Could you restate the data word for word and drop the pictures?

━━━ GIVEN RECORDS

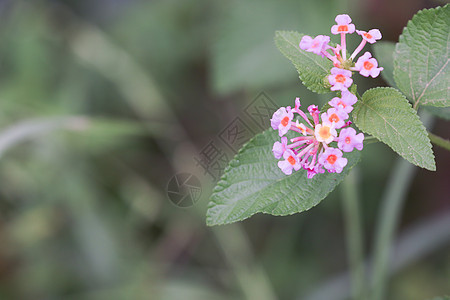 粉色亚拿植物学园艺花瓣橙子热带植物群花朵花园植物叶子图片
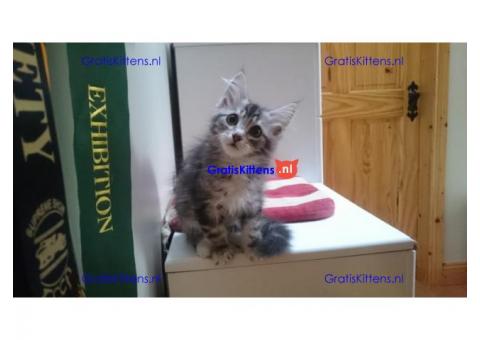 Siberische kitten te koop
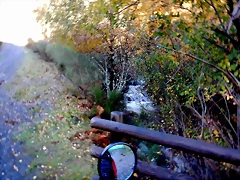 DSCN1339 DSCN1339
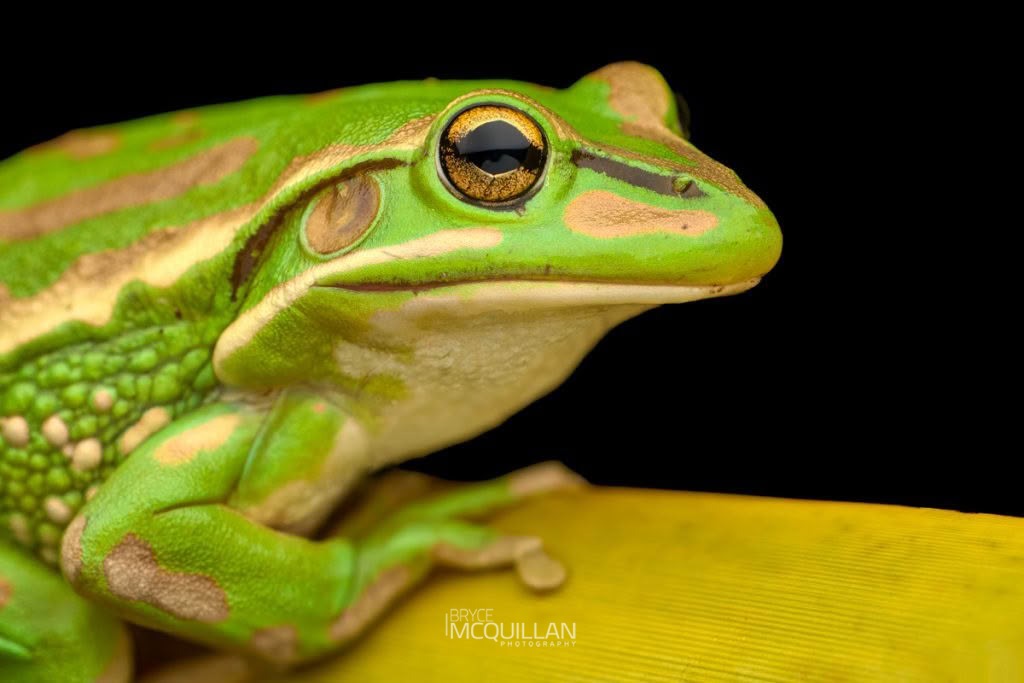 Green and Golden Bell Frog (Ranoidea aurea), photographed in New Zealand by Bryce McQuillan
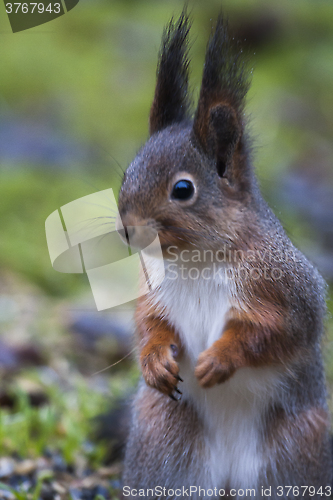 Image of red squirrel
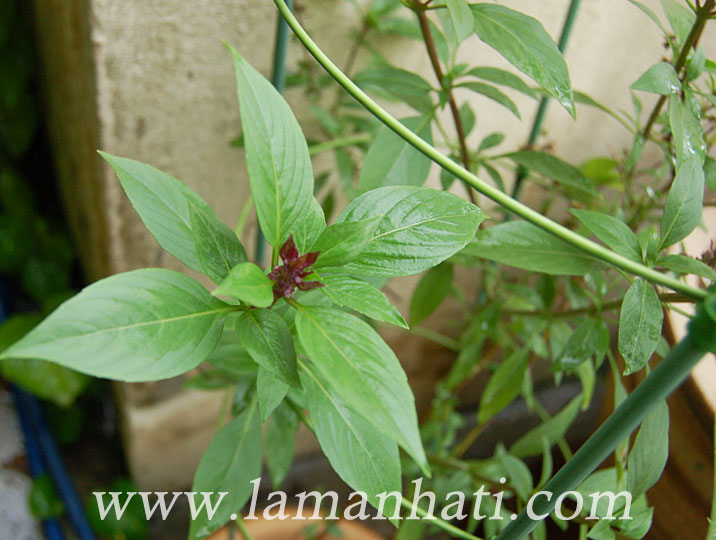 aromatic-basil-nov13-2-LH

━━━━━━

RESPONSE AREA =
 粉色亚拿植物学园艺花瓣橙子热带植物群花朵花园植物叶子图片
 Siberische kitten te koop
 DSCN1339 DSCN1339
 Green and Golden Bell Frog (Ranoidea aurea), photographed in New Zealand by Bryce McQuillan
 Image of red squirrel
 aromatic-basil-nov13-2-LH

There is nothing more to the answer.